# Matrix algebra within TreeAge?

Hi,

I am new to TreeAge and in the beginning stages of developing a microsimulation model. My plan is to generate transition probabilities (TPs) between 5 states as a function of individual-level characteristics using a multinomial logit model estimated on survey data. The two waves of the survey were conducted three years apart, so the TPs represent 3 year transitions. We intend to use a cycle length of one year, so we need to convert the 3y TPs to 1y TPs by taking the cube root of the 3Y TP matrix. Because the TPs are functions of individual-level characteristics, some of which vary over time, we will need to do this matrix algebra for each individual at each cycle. Is it possible to do such a thing within TreeAge, and would doing so slow the model down to the point where it would be impractical to simulate many individuals over many cycles?

Thanks in advance for any insight you can provide.

• Official comment

There is no matrix exponentiation capability within TreeAge Pro.  You could use Matlab or Python with SciPy to perform cube roots of matrices and then place these derived cohort proportions into the 1 year cycle transition probabilities within TreeAge Pro model.

We are considering integration with Python/SciPy in the future.  Currently TreeAge Pro uses a simpler Python for Java which does not support these more complex functions.

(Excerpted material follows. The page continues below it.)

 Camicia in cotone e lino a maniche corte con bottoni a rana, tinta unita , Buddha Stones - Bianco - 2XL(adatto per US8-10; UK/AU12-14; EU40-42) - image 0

With all that said, finding matrix roots is only applicable under assumption that all of the transitions between states are exponential (constant rates).  Which may or may not be appropriate for the phenomenon you are planning to model as you indicate they vary with time.

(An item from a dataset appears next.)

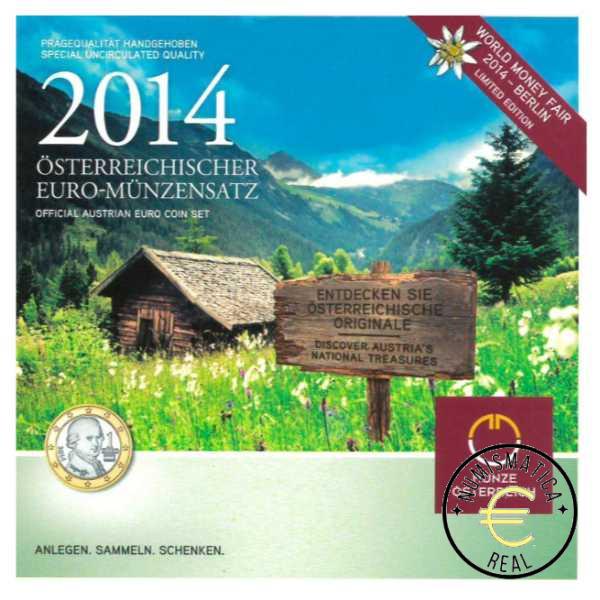 AUSTRIA 2014 CARTERA 8 VALORES KMS CALIDAD BU - DE 1 CENT A 2 EUROS - EN CARTERA OFICIAL - EUROSET. - Imagen 3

A much more likely scenario is that some or all of the transition are not exponential and should be modeled with some parametric distribution (Weibull, GeneralizedGamma, etc) or even with empirical Kaplan-Meier curve.  In such case applying Matrix root finding technique will result in bias.  The correct approach is to model these transitions individually and then establish a "short enough" cycle length for your model so that simulated results match the observed state of the cohort at the 2 points in time. (I guess more detail state to state survival analysis is not available?)

Fitting an appropriate distribution and and finding correct parameters in order to match the observed cohort state is really a different problem of searching the parameter space for a minimal error.  This would also be computationally expensive and there is no way to do that directly within TreeAge Pro.  An external code in Java or VB Excel could be written to set parameters of TreeAge Pro model run the analysis collect that data and then bring the results back into Java or VB to calculate the error and then select next set of values for the parameters.  Ideally using some well known optimization algorithm (e.g. simulated annealing, gradient descent, etc.).  In any event this is computationally intensive and prone to getting stuck in a "local minimum".

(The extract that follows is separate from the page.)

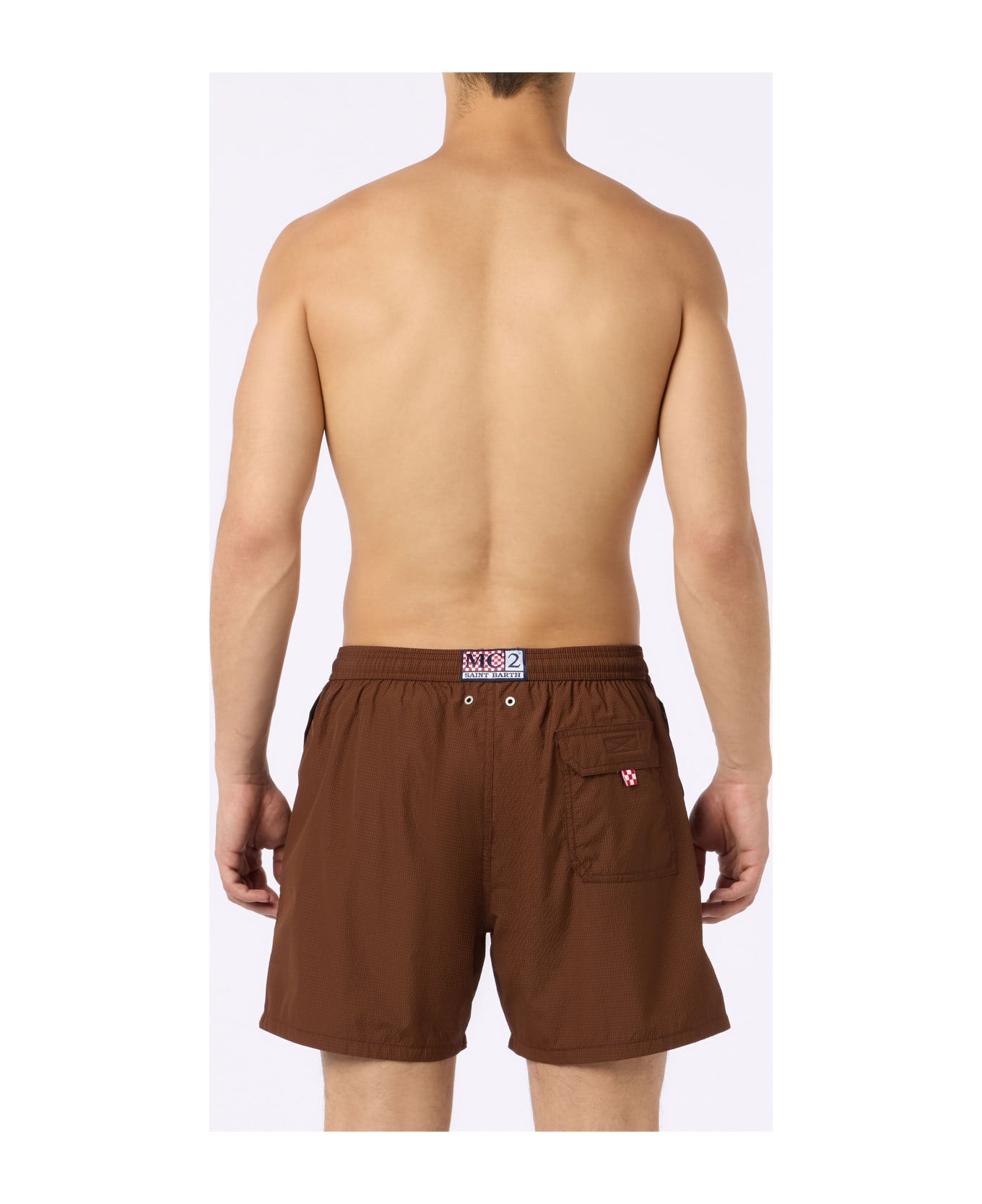 MC2 Saint Barth Seersucker Classic Light Swim Shorts Patmos - BROWN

I am working on white paper that talks about some of the relevant topics of Matrix Algebra, Survival Analysis and Markov and DES models. Feel free to reach out to me on support@treeage.com for more details.

• Here's another possible approach.  Use your data to estimate parameters of the multinomial logistic regression using SAS or Stata or similar software.  In TreeAge, use tracker variables to calculate the individual's characteristics that change over time.  At each cycle, calculate the individual's probability of transitioning to each state using the estimated parameters and the individual's invariant variables (e.g. sex) and time-dependent variables using trackers (e.g. age).  If you want to do a PSA, you can sample the distributions of the parameter estimates before calculating the individual's (or sample's) probabilities. Once you have the 3-year TPs, you can back-calculate the 1-year TPs using roots or assuming exponential survival.

I hope this makes sense.  My apologies for misunderstanding your issue if it doesn't.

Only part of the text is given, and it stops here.